The legislature is presumed to know how courts have interpreted a statute, and we should not alter our construction unless the legislature overrules that interpretation by amending the law. Reiter v. Dyken, 95 Wis. 2d 461, 471, 290 N.W.2d 510, 515 (1980). Section 62.13(5)(i), STATS., the current incarnation of the legislature's attempt to provide expeditious and fair judicial review of discipline imposed on police and fire officers, *138see State ex rel. Kaczkowski, 33 Wis. 2d at 497, 148 N.W.2d at 48, has not overruled Jendrzejewski v. Board of Fire and Police Commissioners, 257 Wis. 536, 44 N.W.2d 270 (1950). Indeed, as material here, § 62.13(5)(i) is almost identical to the provision considered in Jendrzejewski: "If the order of the board is reversed, the accused shall be forthwith reinstated and entitled to his pay as though in continuous service. If the order of the board is sustained it shall be final and conclusive." Id., 257 Wis. at 537, 44 N.W.2d at 271.

Younglove does not ask us to exercise original jurisdiction; nor could he. We do not have "jurisdiction to entertain an original action unrelated to [our] supervisory or appellate authority over the circuit court." State ex rel. Swan v. Elections Bd., 133 Wis. 2d 87, 97, 394 N.W.2d 732, 736 (1986). As noted in the main body of this opinion, the legislature has deprived us of appellate jurisdiction over circuit court orders issued under § 62.13(5)(i), STATS., that either affirm or reverse discipline imposed by boards of police and fire commissioners. See Jendrzejewski, 257 Wis. 536,44 N.W.2d 270. Thus, as we point out in the main body of this opinion, we do not have jurisdiction to supervise the circuit courts unless that supervision is related to a matter over which we have jurisdiction.
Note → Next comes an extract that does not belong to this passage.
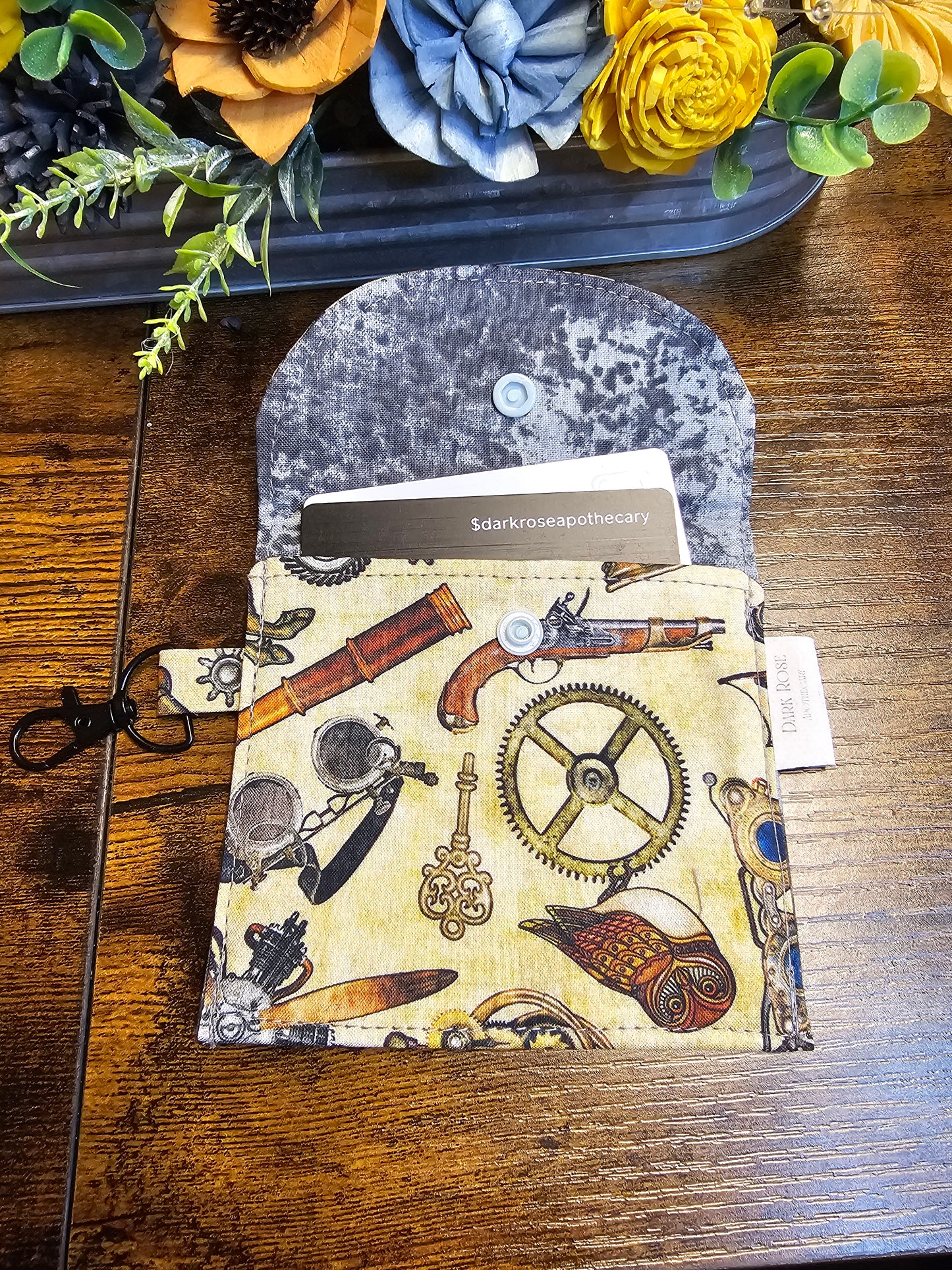 flat keychain wallet "steampunk life"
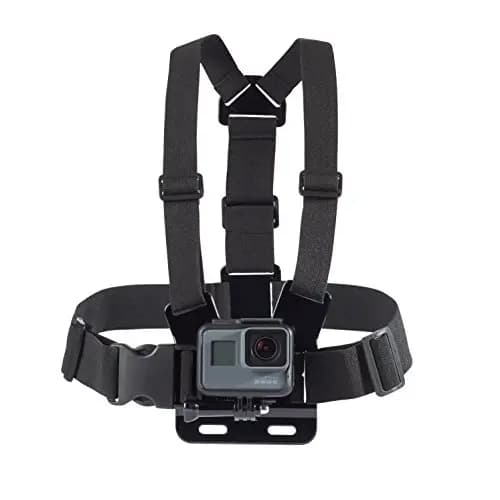 Amazon Basics Arnés de Pecho Ajustable para GoPro y Cámaras de Acción, Ligero y Cómodo, Negro – Imagen 1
Section 62.13(5)(em), STATS., provides:

No subordinate may be suspended, reduced in rank, suspended and reduced in rank, or removed by the board under par. (e), based on charges filed by the board, members of the board, an aggrieved person or the chief under par. (b), unless the board determines whether there is just cause, as described in this paragraph, to sustain the charges. In making its determination, the board shall apply the following standards, to the extent applicable:
1. Whether the subordinate could reasonably be expected to have had knowledge of the probable consequences of the alleged conduct.
2. Whether the rule or order that the subordinate allegedly violated is reasonable.
3. Whether the chief, before filing the charge against the subordinate, made a reasonable effort to discover whether the subordinate did in fact violate a rule or order.
4. Whether the effort described under subd. 3. was fair and objective.
5. Whether the chief discovered substantial evidence that the subordinate violated the rule or order as described in the charges filed against the subordinate.
6. Whether the chief is applying the rule or order fairly and without discrimination against the subordinate.
7. Whether the proposed discipline reasonably relates to the seriousness of the alleged violation and to the subordinate's record of service with the chief s department.